*** Opening of SOURCE DATA ***

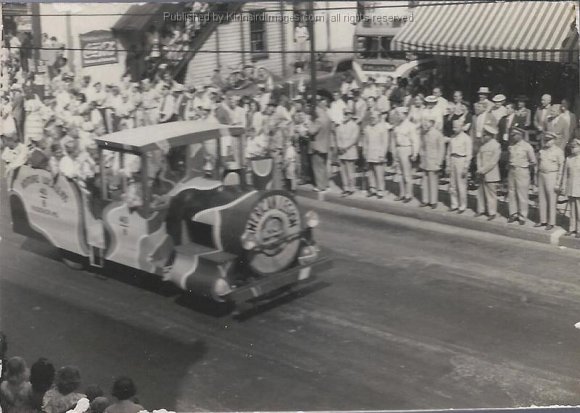 Frederick_Parade_1945_005A_AH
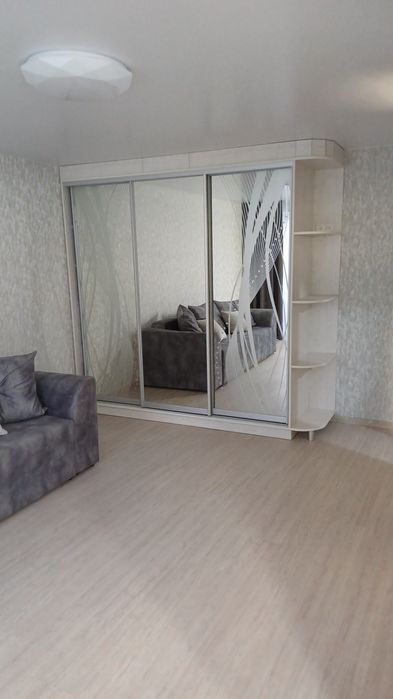 Здам подобово 1 кімнатну квартиру-студію.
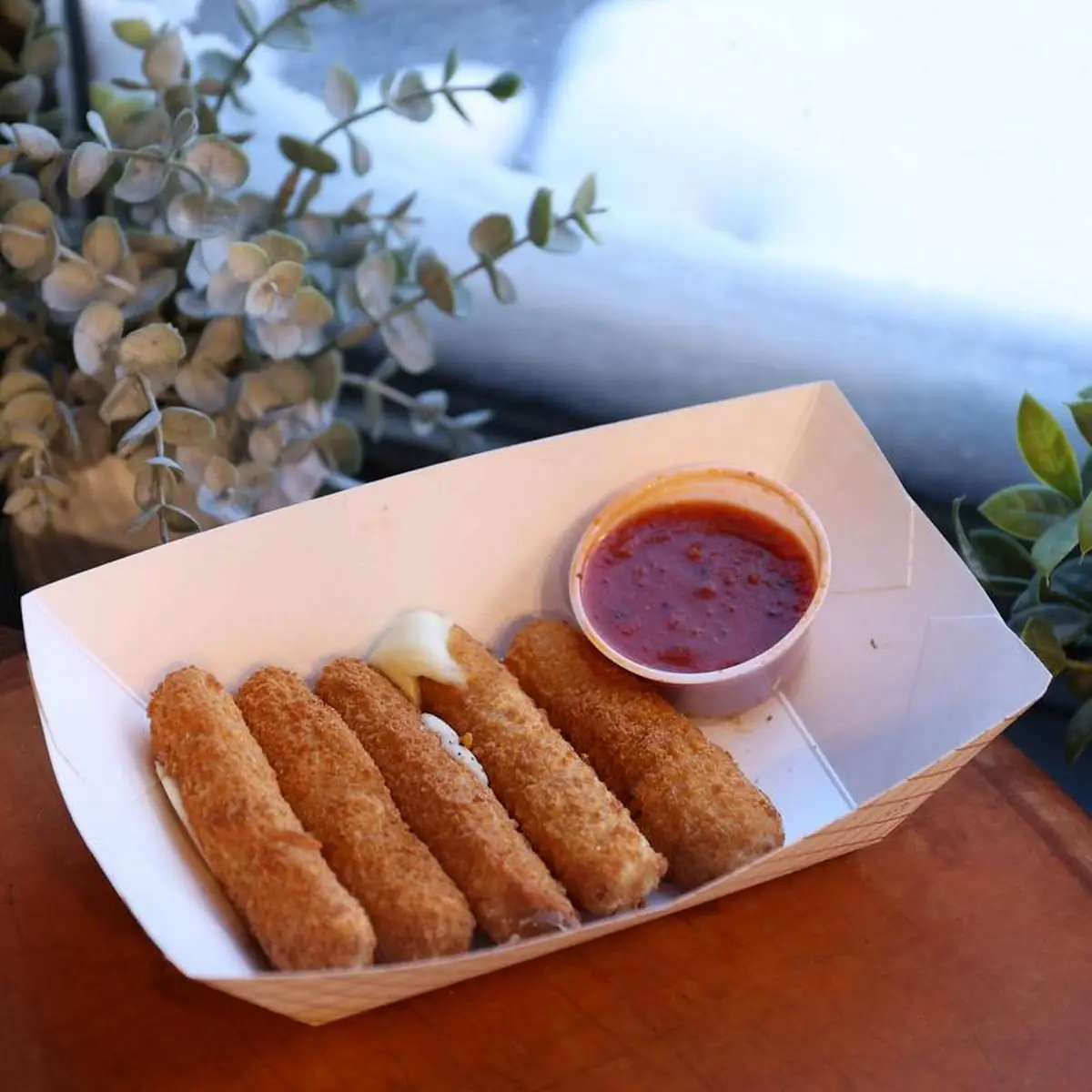 Mozzarella Sticks V with Tomato Sauce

*** Close of SOURCE DATA ***

> [EXERCISE REQUIREMENTS]
Keep pictures out and return the lines from the one containing "Здам подобово 1 кімнатну квартиру-студію." through the end of the listing, both included, character for character.

> [FINISHED TASK]
 Здам подобово 1 кімнатну квартиру-студію.
 Mozzarella Sticks V with Tomato Sauce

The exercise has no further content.